March 04, 2022

Mandate Minute Week 15

BY Dee Pekruhn

This Week’s Highlights:

Volume Twenty-Six: Air Date 2.28.22. “From Pandemic to Endemic”

Do you all remember our Mandate Minute on Valentines’ Day, about the love affair with mask mandates coming to an end ?… well..

Not that long ago, we shared  that NYC was the first to issue vaccine mandates for indoor settings, and to require a statewide vaccine passport APP. Now, as the world shifts from pandemic to endemic management, NYC is once again among the firsts – to roll back masking and vaccine mandates. Effective March 7, the proposed rollback will take

effect, and the “Key2NYC” program will be decommissioned. The final decision will be made on Friday, contingent on the city and state’s COVID stats. And NYC isn’t the only place this is happening in the US.

Also on March 7, Illinois is lifting its indoor mask mandate, and Chicago will end its proof of vaccination mandates. These localities will join the ranks of LA County, Connecticut, DC and Massachusetts who have already lifted mask mandates or vaccine mandates or both.

So March 7 is the day to buy that lotto ticket, because Rhode Island announced it is transitioning to an endemic management plan specifically related to its testing and vaccination centers and protocols. To ensure the people at the highest risk for COVID have access to testing, the state-run testing sites will be focused on people who are symptomatic or are close contacts of people who are; everyone else will need to see testing at other venues. Similarly for vaccines, the state is launching a faith-based vaccination effort, targeting faith communities as locations for vaccination sites in areas where vaccination rates are lower. The state will shift away from the larger, centralized vaccination sites, as the state feels there is now a reduced need for mass vaccination centers.

While it may seem that the “END” in Endemic means the end to the now-normal COVID prevention methods, remember two things: we will still need to practice COVID protection in health care settings, and as individuals, we can still make the choice to mask up and vaccinate.

Volume Twenty-Seven: Air Date 3.2.22. “New Harvard Study on Vaccine Hesitancy”

The question public health experts keep trying to answer is “what can we do to help people who are not vaccinated get vaccinated?” A new study by researchers at the Harvard Business School and Bocconi University in Milan identified the messages most likely to increase people’s willingness to get the vaccination, receive booster shots, or have their children vaccinated.
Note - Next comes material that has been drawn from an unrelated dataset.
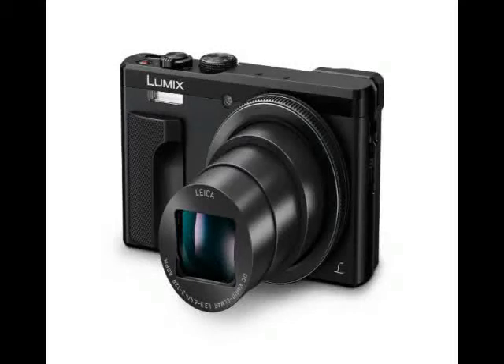Panasonic unveiled the Lumix DMC-ZS60 camera at CES 2016 on Tuesday. The latest addition to its travel zoom range, the new ZS model weighs just 312 grams, and is fitted with an 18 megapixel sensor capable of 4K video recording.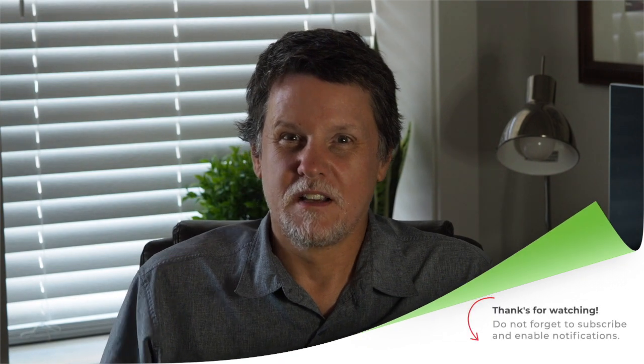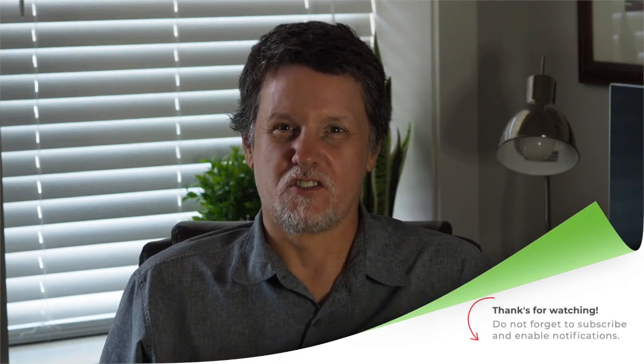That's a wrap for part one. Check our notes below to see how you can join us in this journey.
The researchers experimented with four messages to see how they would move people’s intentions then and their actual behavior six months later:

  1. If you get vaccinated, you could avoid getting infected
  2. If you get vaccinated, you could avoid passing the virus to others
  3. If you get vaccinated, it can help protect the health of people in your country
  4. f you get vaccinated, it can help a return to economic activity and reduce unemployment

A control group received no messages.

The altruistic messages — Protecting Others or Health or the Economy — had a more meaningful impact on people’s intentions immediately afterward than self-protection. And, the same pattern bore out six months later in behavior. The researchers argued that, because this line of questioning reflected people’s actual decisions, not only their intentions, it should be less susceptible people saying what they think they are supposed to say.

The authors summarized their findings by saying that the most striking result is that informational treatments affected not only vaccination intentions expressed but also actual vaccination rates six months later. The altruistic messages even increased vaccination among individuals who had initially expressed anti-vax attitudes.

Another thing from the study that bears further exploration is that among those who were least likely to change their minds were the people who are generally more risk averse. The study’s authors speculated that “these individuals may be more concerned about possible negative side effects of vaccination than about the risk of getting Covid-19.” They are concerned with near term risks rather than longer term possibilities.

That seems to be true of some parent who have misperceptions about the relative risks of vaccination versus contracting Covid. For example, they might be aware that the vaccines carry a small risk of heart inflammation but might not be aware that Covid-19 itself brings a much higher risk of the same condition. Figuring out ways to better communicate the comparative risks of vaccination versus infections is an area worth exploring.